- [ASSIGNMENT]:
Only one part of the listing is needed: the lines from the one with "Press-On Nails –" through the last line, copied exactly and free of pictures.

- [GIVEN ENTRIES]:
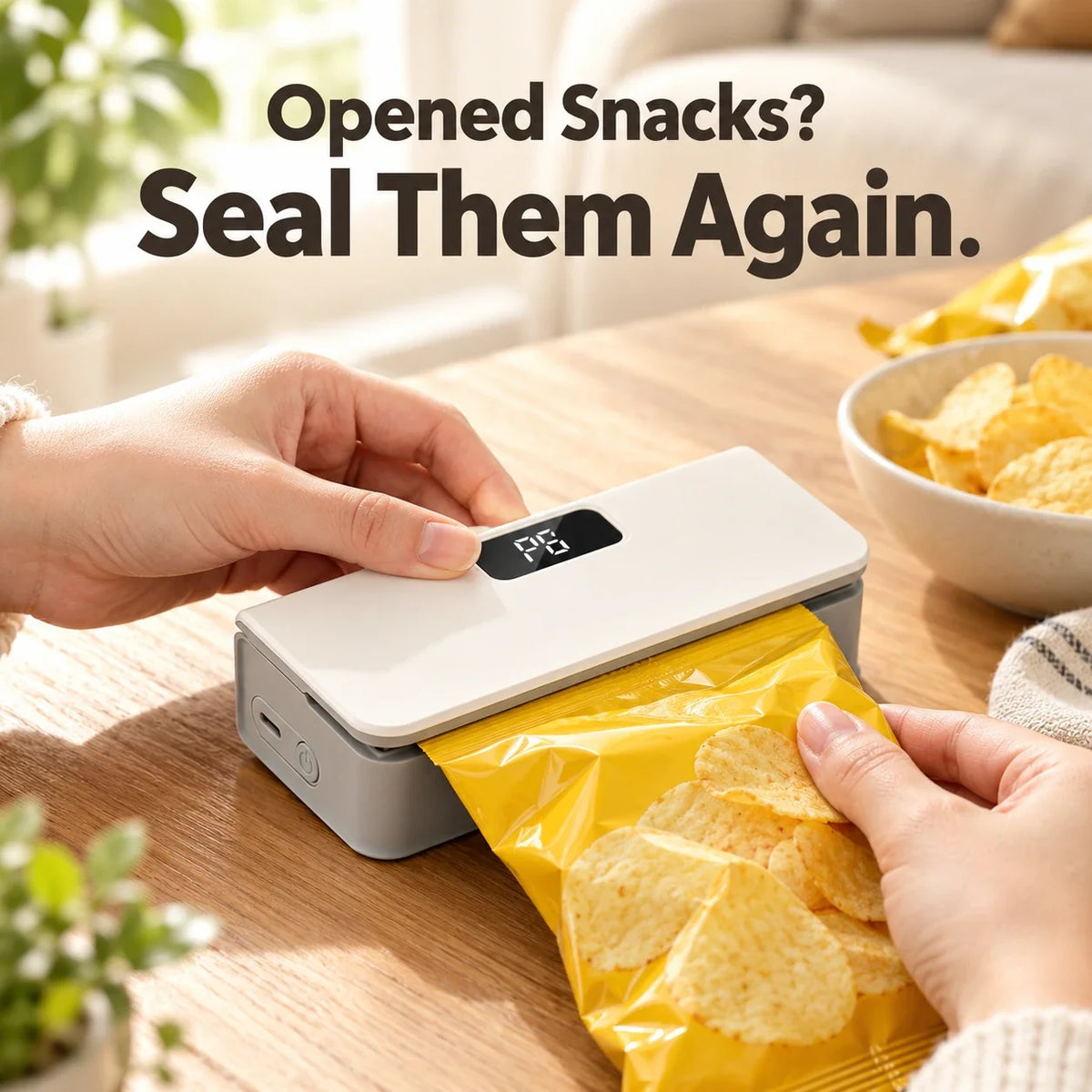 Rechargeable Bag Sealer ✨ Reseal Snacks with Ease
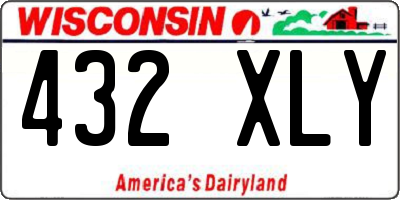 WI license plate 432XLY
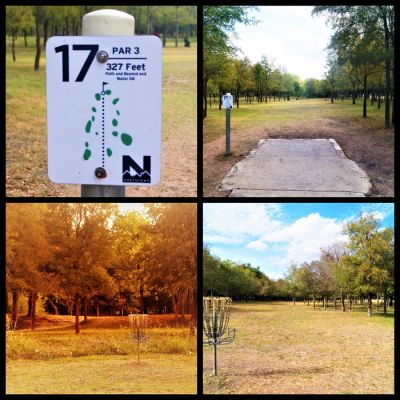 Northtown MUD DGC, Main course, Hole 17 Reverse (back up the fairway)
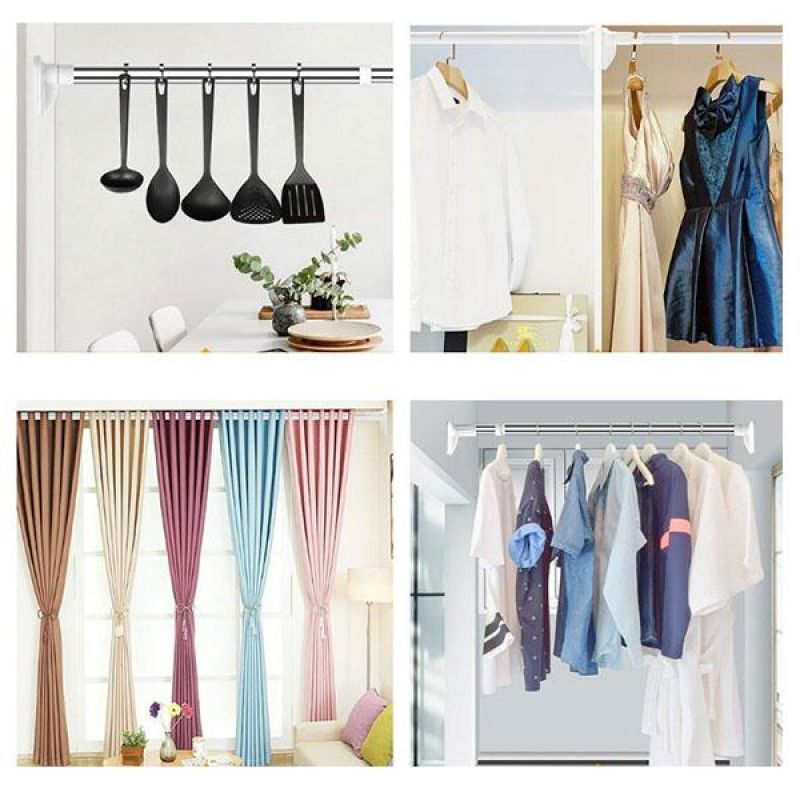 Stainless steel curtain rod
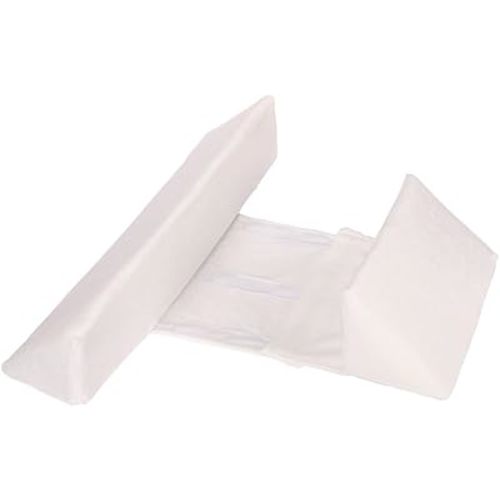 Adjustable Breathable Pillow for Side Sleeping - Secure & Comfortable Positioning Support for Your Little One, Soft White-1PACK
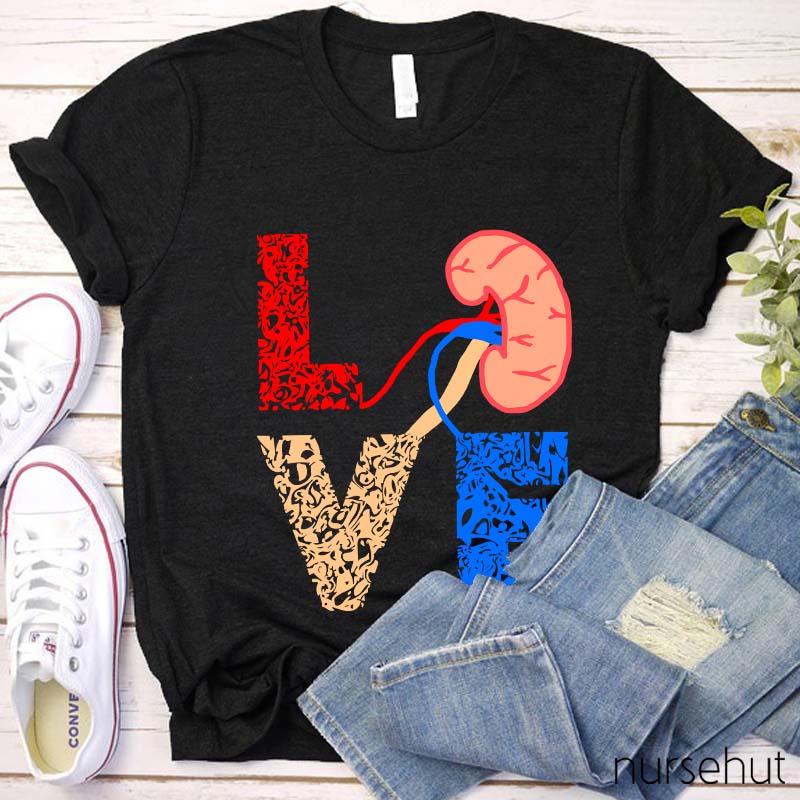 Love Kidney Nurse T-Shirt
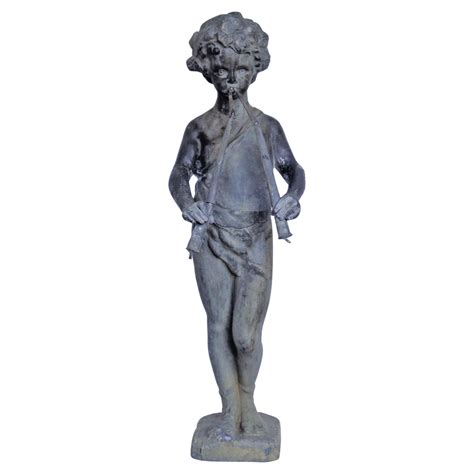 Imported from England. . Antique lead garden statues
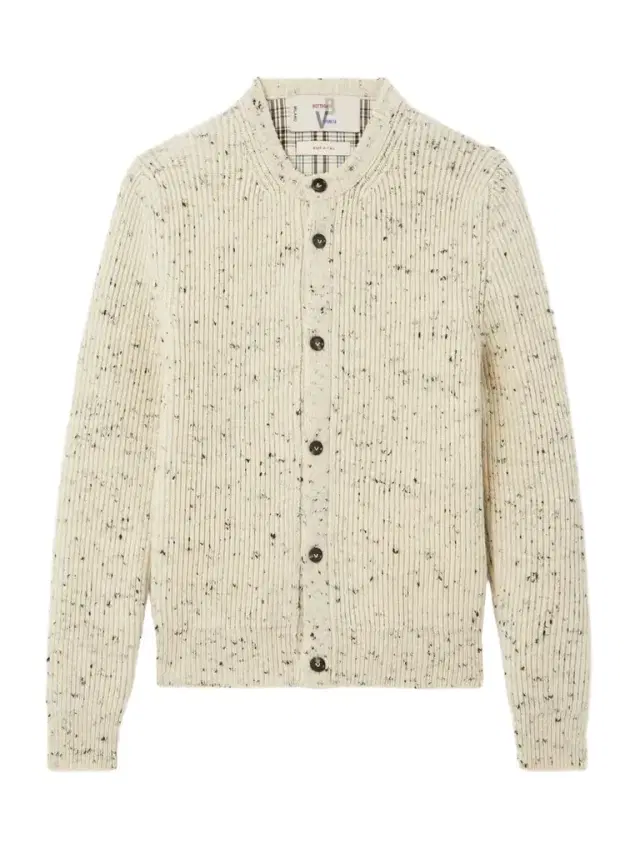 Ribbed Wool-blend Cardigan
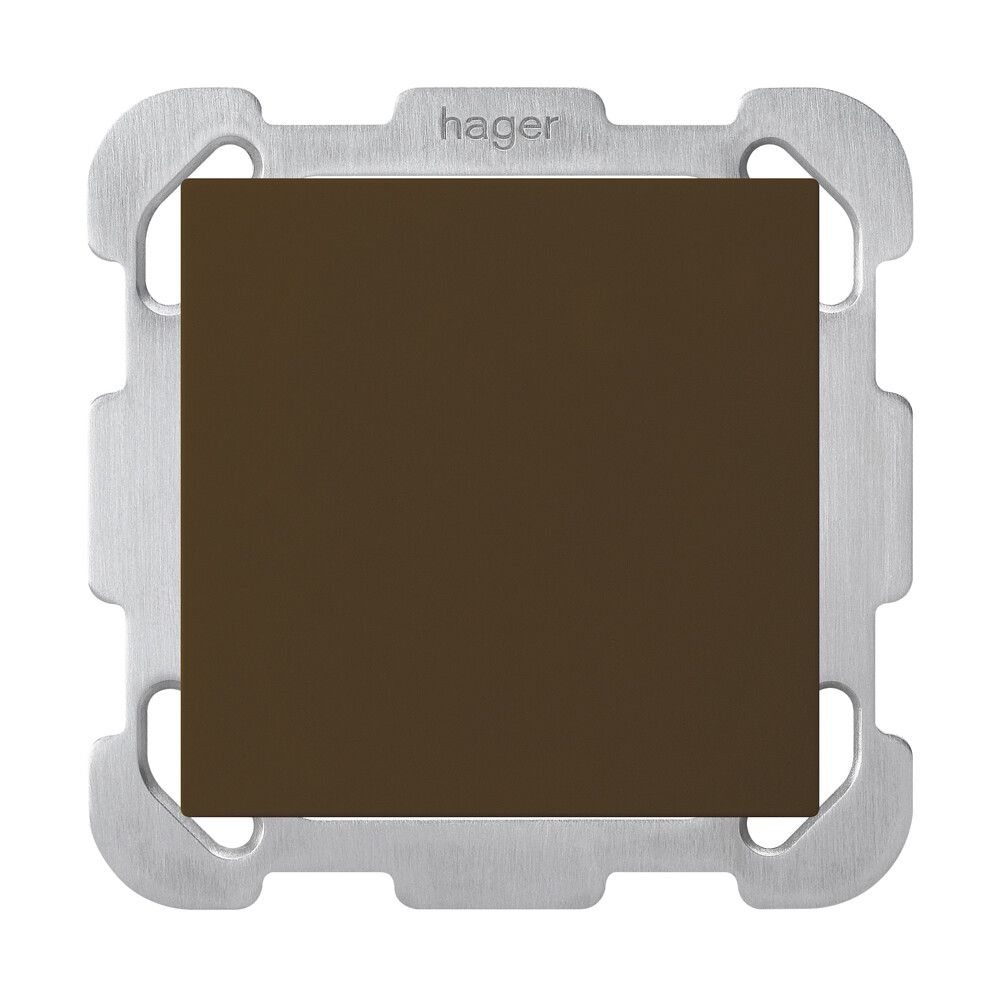 Copertura cieca INC kallysto B marrone senza vite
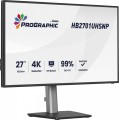 IIYAMA Monitor 27 cali ProGraphic HB2701UHSNP-B1 4K,IPS BLACK 2.0,450cd,VESA USB-c dock(PD:96W),HDMI,DP,DAISY/CHAIN,4xUSB,RJ45,3000:1,sRGB:100%,DCI-P3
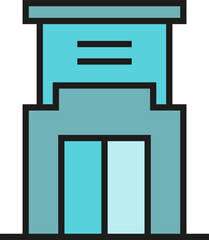 city building icon illustration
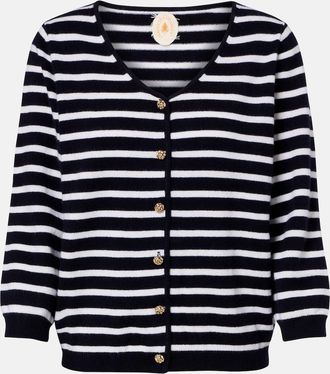 Jardin Des Orangers Striped cashmere cardigan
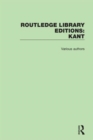 Image for Routledge Library Editions: Kant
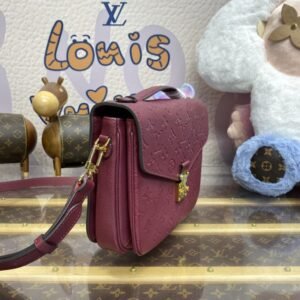 Alternative view of Fake Louis Vuitton Pochette Metis Bordeaux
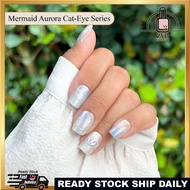 Press-On Nails – Mermaid Aurora Cat-Eye Series | Kuku Palsu Premium Design | 10pcs | ZV Beauty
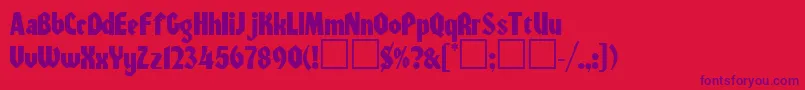 Warszawa Font – Purple Fonts on Red Background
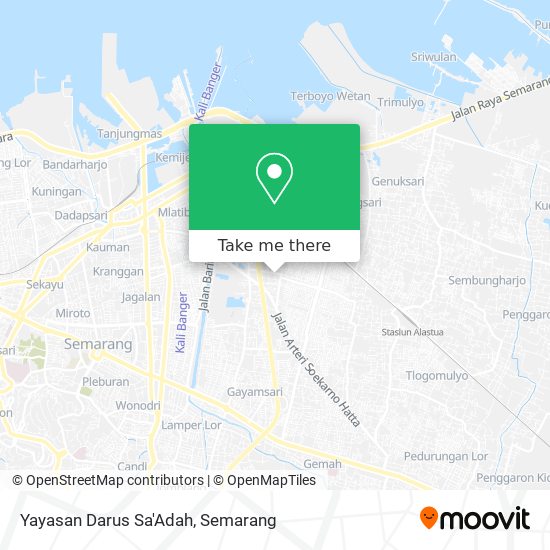 Yayasan Darus Sa'Adah map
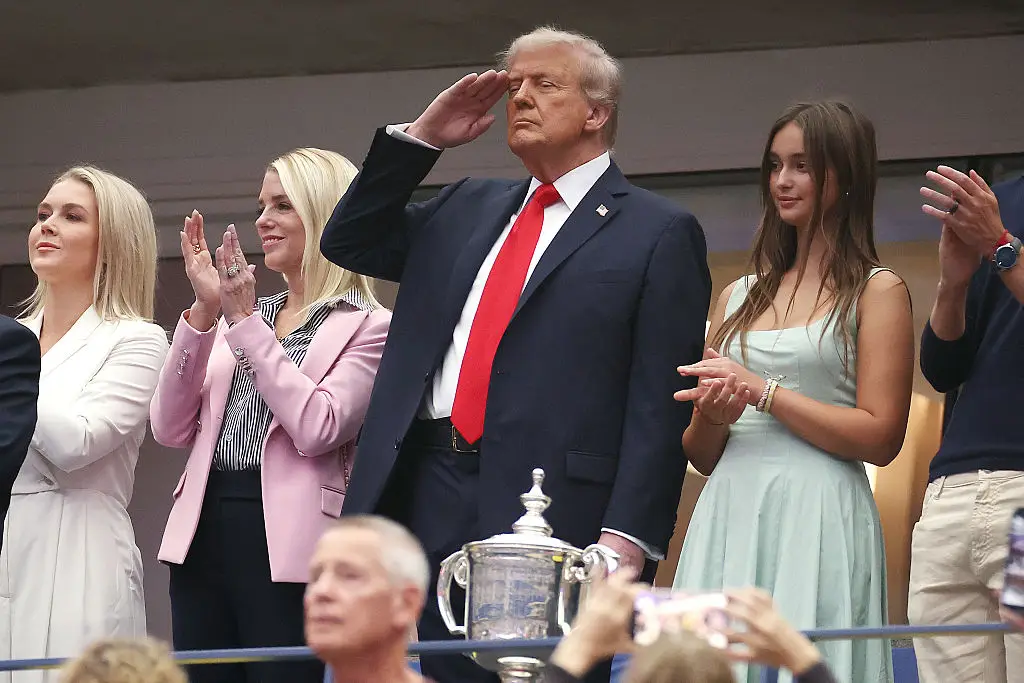 Trump at the US Open men's final (Image: Getty)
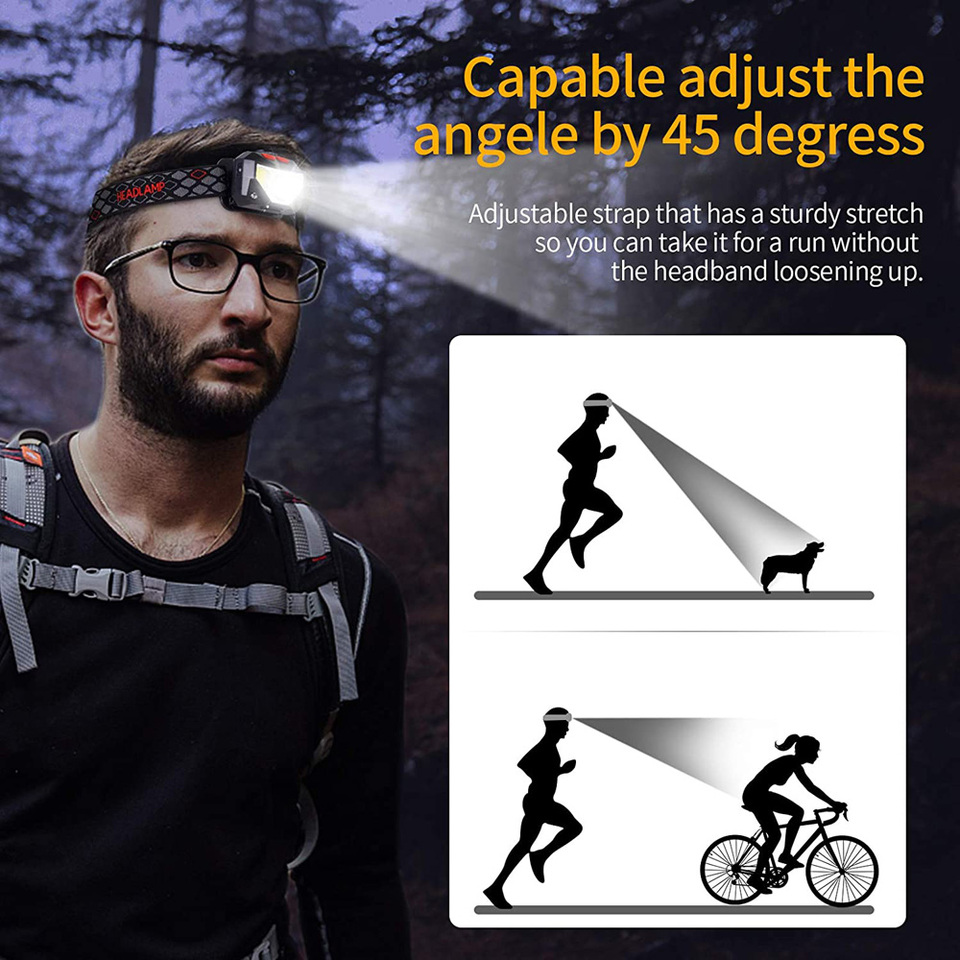 8가지 모드 LED 헤드라이트 핸즈프리 모션 센서 강력 - Ldr Light Sensor 리뷰 및 가격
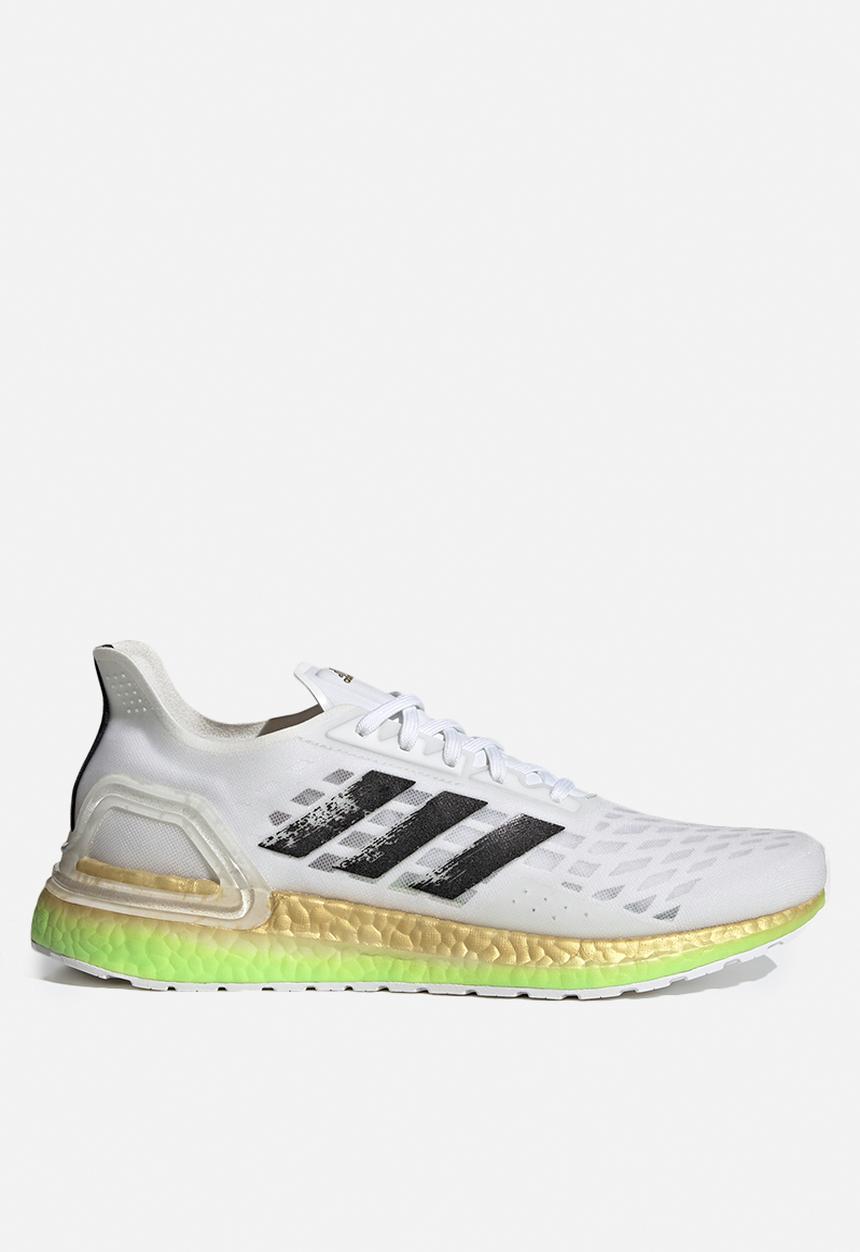 adidas Performance - UltraBOOST pb - ftwr white/core black/signal green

- [RESULT OF THE TASK]:
 Press-On Nails – Mermaid Aurora Cat-Eye Series | Kuku Palsu Premium Design | 10pcs | ZV Beauty
 Warszawa Font – Purple Fonts on Red Background
 Yayasan Darus Sa'Adah map
 Trump at the US Open men's final (Image: Getty)
 8가지 모드 LED 헤드라이트 핸즈프리 모션 센서 강력 - Ldr Light Sensor 리뷰 및 가격
 adidas Performance - UltraBOOST pb - ftwr white/core black/signal green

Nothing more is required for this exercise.